The Best Type Of Pizza Dough For Beginners To Master

Making homemade pizza dough may sound intimidating and even unnecessary. After all, premade dough is easy and ready to go. Yet while the store-bought stuff offers a quick solution for your next pizza night, homemade dough can be easy.

In fact, depending on the style of pizza crust you choose, the extra effort may not be so strenuous. Sure, mastering yeast ratios and kneading techniques is daunting, especially because homemade pizza crust calls for all kinds of tips and tricks. Bob's Red Mill highlights properly kneading, resting, and stretching your dough as three key components to a successful pizza crust. In general, it's also best to avoid rolling out your dough with a rolling pin.

Yet because pizza doughs range in style, it's easy to find one that suits your expertise — or even lack thereof. Different iterations of pizza dough come with their own rule books, rising times, and flour recommendations. King Arthur Baking, for example, simplifies the process with all-purpose flour, whereas Food Network suggests bread flour, which yields a crispy — rather than chewy — crust.

Clearly, there's ample opportunity for variation, though one particular style is easier to throw together than the others. This is a dough that pays homage to pizza's Italian heritage — and a region further south than Naples.

Sicily does it best

Sicilian pizza dough is as simple as homemade dough can be, says J. Kenji López-Alt via ​​Serious Eats. The Sicilian version of pizza dough has a distinctive texture and orientation; a spongy, focaccia-like crust, crispy bottom, and rectangular shape characterize the Sicilian style (per King Arthur Baking).

While this dough looks intricate — and certainly tastes flavorful — it's surprisingly easy to throw together. López-Alt declared Sicilian pizza one of the most forgiving dough variations. This ease is thanks in no small part to the dough's relatively quick timeline; the crust's flavor develops without the need for a slow-paced fermentation process. As such, you can whip it up and eat it within mere hours. So long, days-long resting and rising periods.
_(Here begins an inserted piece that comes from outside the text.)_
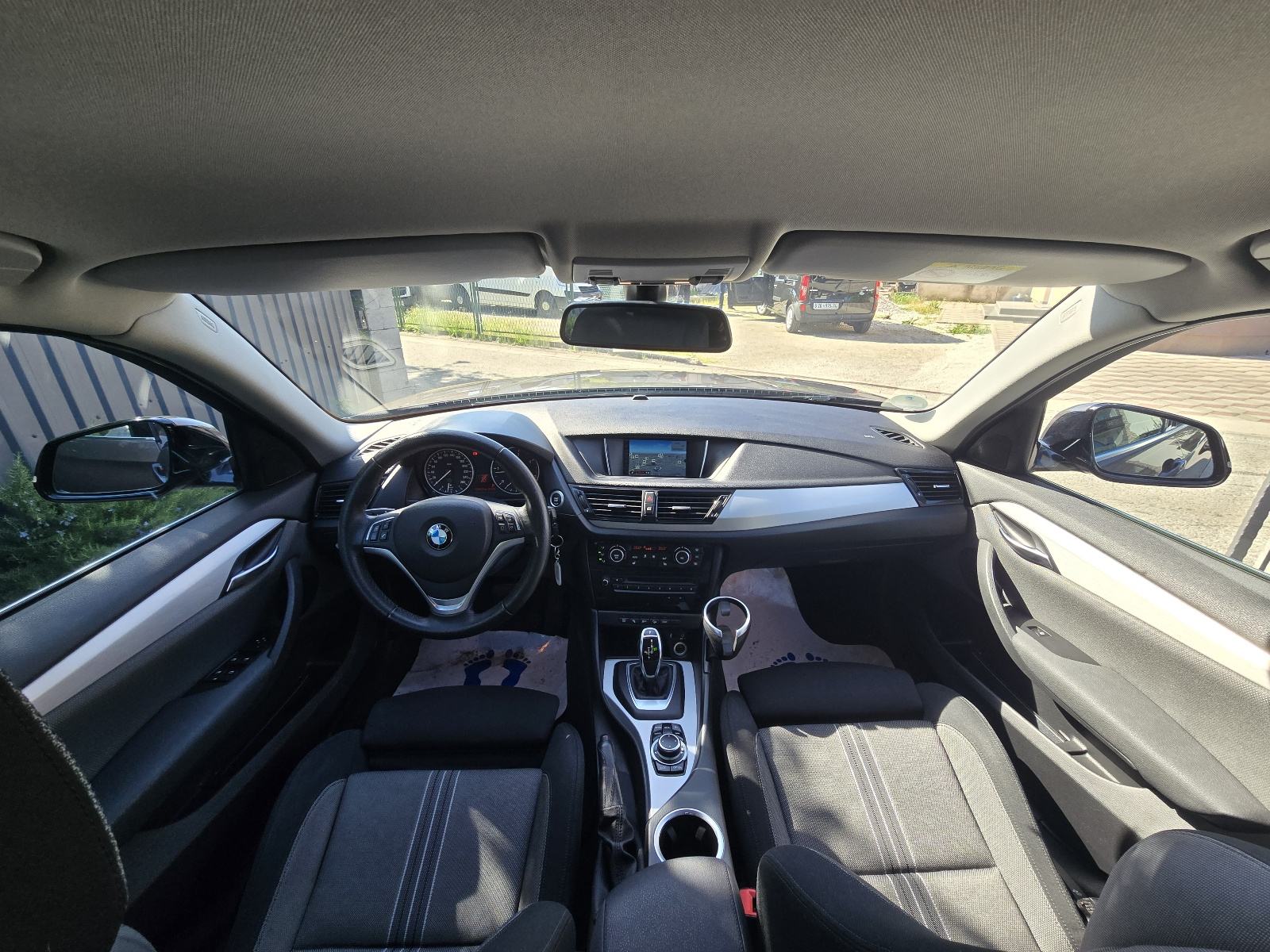 BMW X1 sDrive18d automatik SERVISNA FUL OPREMA AKCIJA 10999, fotografija 11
Likewise, Sicilian crust forgoes intensive kneading and rolling, thanks to its water content. López-Alt simply mixes dough in a stand mixer before adding it directly onto a baking sheet. Rather than stretch the dough out himself, he lets it stretch out on its own and gently spreads it before it goes in the oven. With such an easy and quick method, Sicilian pizza dough may draw inspiration from Italy's largest island, but this is one crust that doesn't operate on island time.